Re: [HACKERS] weird buildfarm failures on arm/mipsel and --with-tcl

2007-01-28 Thread Tom Lane
I wrote:
> One possibility for fixing it is that maybe we should be making an
> effort to execute Tcl_Finalize() before exiting the backend.  If so,
> having pltcl set up an on_proc_exit callback to do it would be the
> appropriate thing.  This is all speculation though.

Just for grins I tried this, and I can see by strace'ing that it changes
the process-shutdown-time behavior quite a lot: the secondary thread now
exits first, apparently after being told to via a message from the
primary.  So I think this might indeed be something good to do.  Would
you try the attached patch and see if it changes the behavior on your
systems?  (This patch is very ugly and will draw compiler warnings, but
don't worry about that yet.)

regards, tom lane

Index: pltcl.c
===
RCS file: /cvsroot/pgsql/src/pl/tcl/pltcl.c,v
retrieving revision 1.108
diff -c -r1.108 pltcl.c
*** pltcl.c 4 Oct 2006 00:30:14 -   1.108
--- pltcl.c 28 Jan 2007 21:45:40 -
***
*** 26,31 
--- 26,32 
  #include "fmgr.h"
  #include "nodes/makefuncs.h"
  #include "parser/parse_type.h"
+ #include "storage/ipc.h"
  #include "tcop/tcopprot.h"
  #include "utils/builtins.h"
  #include "utils/lsyscache.h"
***
*** 245,250 
--- 246,253 
 /
if (!pltcl_be_init_done)
{
+   on_proc_exit(Tcl_Finalize, 0);
+ 
if (SPI_connect() != SPI_OK_CONNECT)
elog(ERROR, "SPI_connect failed");
pltcl_init_load_unknown(pltcl_norm_interp);

---(end of broadcast)---
TIP 5: don't forget to increase your free space map settings


Re: [HACKERS] weird buildfarm failures on arm/mipsel and --with-tcl

2007-01-28 Thread Tom Lane
Stefan Kaltenbrunner <[EMAIL PROTECTED]> writes:
> FWIW - I removed --with-tcl from quagga's configuration about two weeks
> ago and it has not failed(for that reason) again.
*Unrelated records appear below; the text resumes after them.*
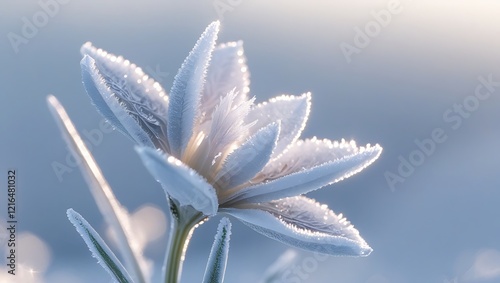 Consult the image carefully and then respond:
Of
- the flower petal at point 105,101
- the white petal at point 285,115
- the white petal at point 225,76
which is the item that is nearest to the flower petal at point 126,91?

So the issue most
> definitly looks like plptcl related ...

I poked around a bit in the Tcl sources, and as far as I can tell it
will never call atexit() on a Linux platform.  So that theory isn't
right.  However, what I found out via strace'ing is that on my own
Linux machine, Tcl launches a second thread as soon as it's loaded.
This thread just does a select() and sits there.  I am not certain
but I think it must be the "notifier" facility seen in the Tcl sources.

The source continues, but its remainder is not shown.